[Brief]
The answer must consist solely of the lines from the one containing "Séjour chez l'habitant" through the last line of the records below, repeated exactly, with all pictures omitted.

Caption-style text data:
==========
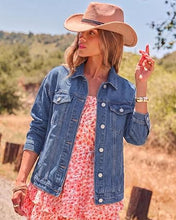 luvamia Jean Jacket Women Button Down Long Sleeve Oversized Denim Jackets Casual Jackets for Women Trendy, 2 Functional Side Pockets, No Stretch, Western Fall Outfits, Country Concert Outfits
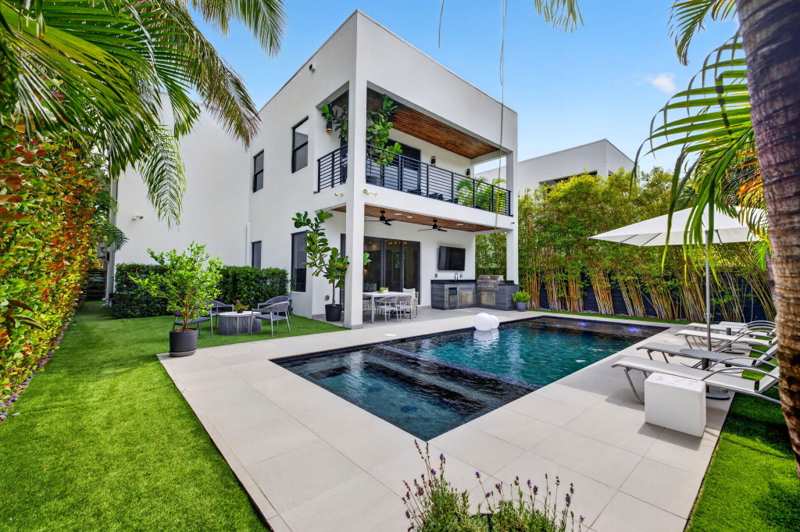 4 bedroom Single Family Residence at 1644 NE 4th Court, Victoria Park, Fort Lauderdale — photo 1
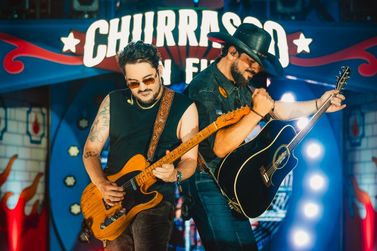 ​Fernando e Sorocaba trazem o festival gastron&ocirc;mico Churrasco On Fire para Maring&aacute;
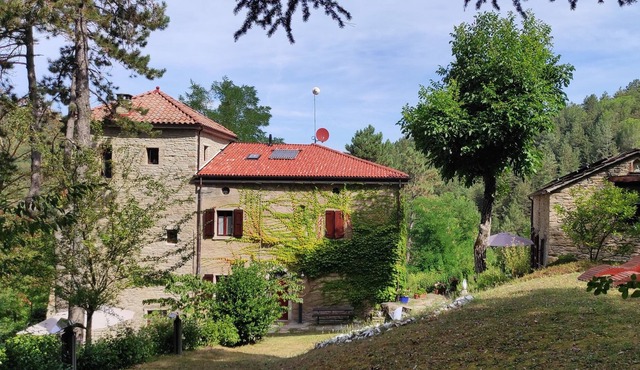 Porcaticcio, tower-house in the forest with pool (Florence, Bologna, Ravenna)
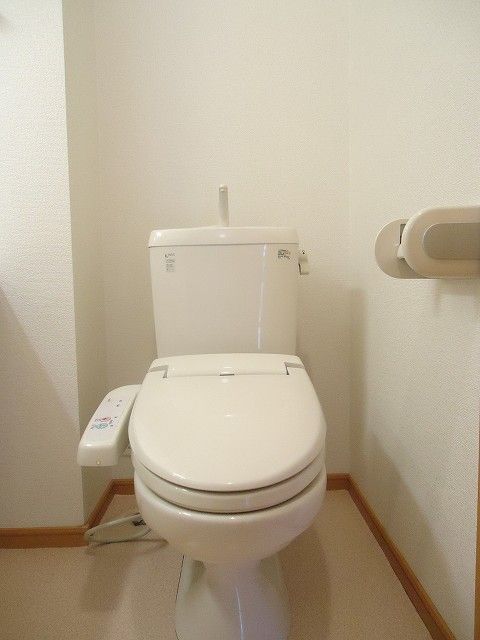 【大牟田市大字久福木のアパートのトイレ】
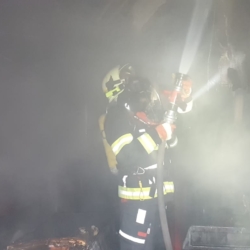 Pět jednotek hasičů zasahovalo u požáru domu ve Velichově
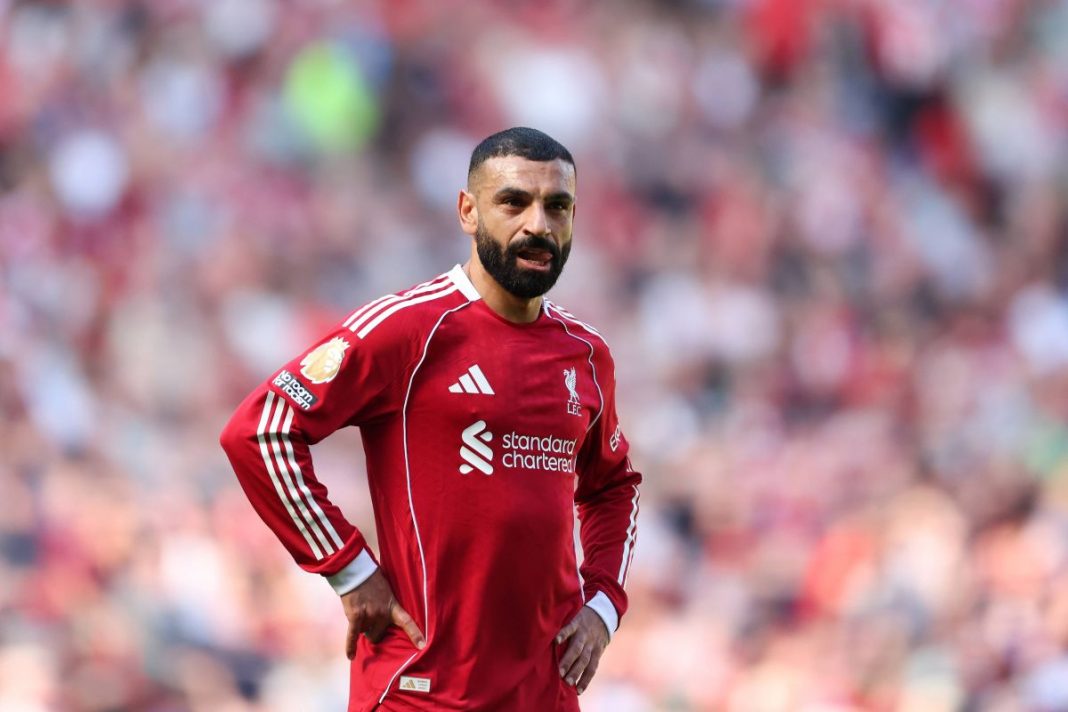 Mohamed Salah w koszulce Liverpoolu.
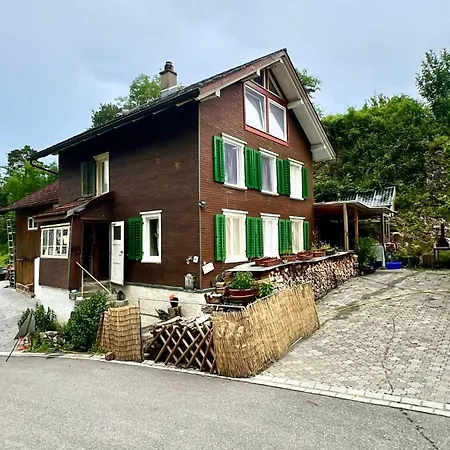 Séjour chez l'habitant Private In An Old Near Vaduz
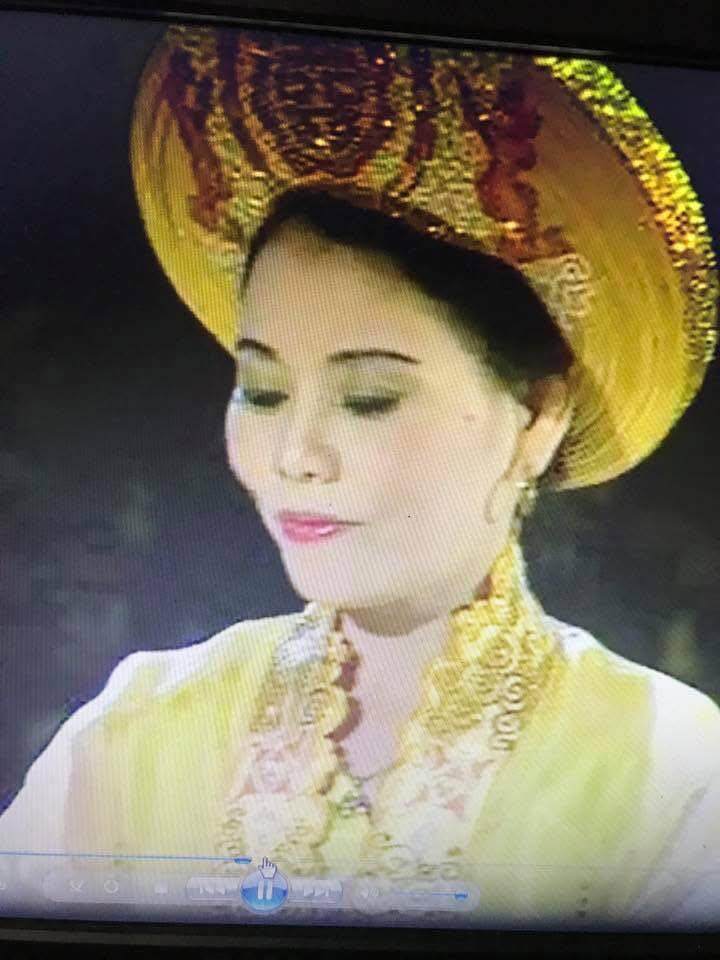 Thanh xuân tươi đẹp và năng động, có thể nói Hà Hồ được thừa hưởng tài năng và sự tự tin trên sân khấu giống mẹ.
==========
[Solution to the exercise]
 Séjour chez l'habitant Private In An Old Near Vaduz
 Thanh xuân tươi đẹp và năng động, có thể nói Hà Hồ được thừa hưởng tài năng và sự tự tin trên sân khấu giống mẹ.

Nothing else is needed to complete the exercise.